_Goal of the exercise_: Every record must be restated exactly. Drop the images.

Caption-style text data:
::::

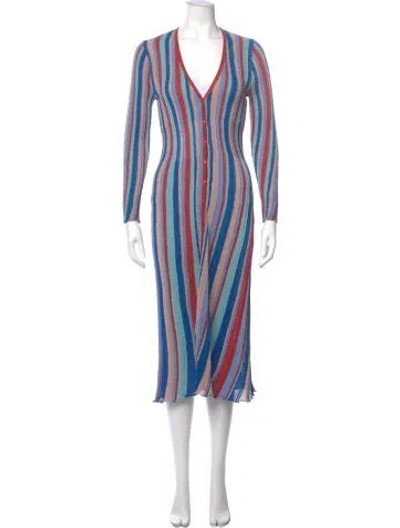 Pre-owned Misa Striped Midi Length Dress In Blue
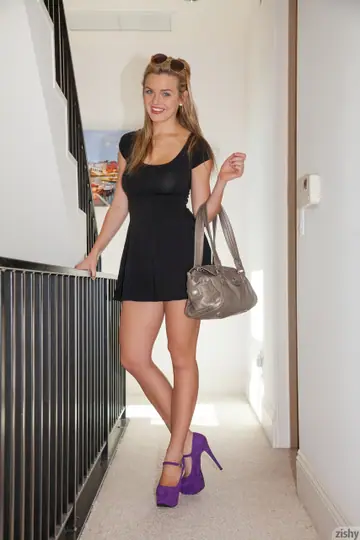 Thick Blonde Lifts Her Skirt and Flashes Her Undies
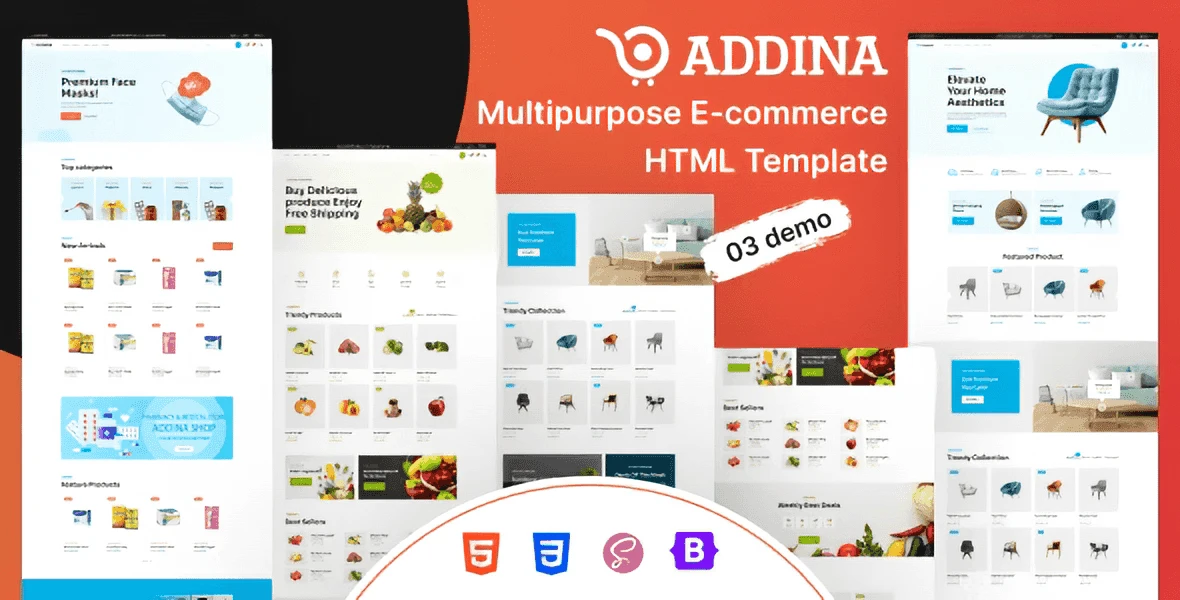 Addina eCommerce HTML template preview for multi-purpose online stores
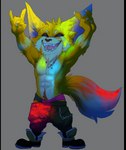 abs aged_up anthro arm_markings arm_tuft armpit_hair belly biceps big_tail black_clothing black_speedo black_swimwear blue_body blue_ears blue_fur blue_tail body_hair bottomwear brown_pubes cheek_tuft chin_tuft claws clothed clothing devil_horns_(gesture) dipstick_ears dipstick_tail double_devil_horns_(gesture) ear_markings elbow_tuft empty_eyes facial_markings facial_tuft fluffy fluffy_tail footwear front_view fur gesture grey_background hand_gesture head_markings humanoid_hands jewelry light male manly markings multicolored_belly multicolored_body multicolored_ears multicolored_fur muscular muscular_anthro muscular_male necklace open_mouth open_smile orange_arms orange_body orange_ears orange_face orange_fingers orange_fur orange_hands orange_legs orange_tail pants pecs pink_mouth pink_nose pink_tongue pubes purple_bottomwear purple_clothing purple_inner_ear purple_pants purple_speedo purple_swimwear shoes simple_background smile solo speedo standing swimwear tail tail_markings tail_tuft tongue topless topless_anthro topless_male tuft two_tone_arms two_tone_belly two_tone_ears two_tone_face two_tone_tail white_arms white_belly white_body white_chest white_claws white_face white_fur white_markings bristol k/da league_of_legends riot_games tencent gnar_(lol) mammal yordle 2018 colored digital_drawing_(artwork) digital_media_(artwork) full-length_portrait portrait shaded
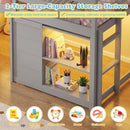 Wooden Low Kids Loft Bed with LED Lights and 2 Doors by LJGDeals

::::

_Result below_:
 Pre-owned Misa Striped Midi Length Dress In Blue
 Thick Blonde Lifts Her Skirt and Flashes Her Undies
 Addina eCommerce HTML template preview for multi-purpose online stores
 abs aged_up anthro arm_markings arm_tuft armpit_hair belly biceps big_tail black_clothing black_speedo black_swimwear blue_body blue_ears blue_fur blue_tail body_hair bottomwear brown_pubes cheek_tuft chin_tuft claws clothed clothing devil_horns_(gesture) dipstick_ears dipstick_tail double_devil_horns_(gesture) ear_markings elbow_tuft empty_eyes facial_markings facial_tuft fluffy fluffy_tail footwear front_view fur gesture grey_background hand_gesture head_markings humanoid_hands jewelry light male manly markings multicolored_belly multicolored_body multicolored_ears multicolored_fur muscular muscular_anthro muscular_male necklace open_mouth open_smile orange_arms orange_body orange_ears orange_face orange_fingers orange_fur orange_hands orange_legs orange_tail pants pecs pink_mouth pink_nose pink_tongue pubes purple_bottomwear purple_clothing purple_inner_ear purple_pants purple_speedo purple_swimwear shoes simple_background smile solo speedo standing swimwear tail tail_markings tail_tuft tongue topless topless_anthro topless_male tuft two_tone_arms two_tone_belly two_tone_ears two_tone_face two_tone_tail white_arms white_belly white_body white_chest white_claws white_face white_fur white_markings bristol k/da league_of_legends riot_games tencent gnar_(lol) mammal yordle 2018 colored digital_drawing_(artwork) digital_media_(artwork) full-length_portrait portrait shaded
 Wooden Low Kids Loft Bed with LED Lights and 2 Doors by LJGDeals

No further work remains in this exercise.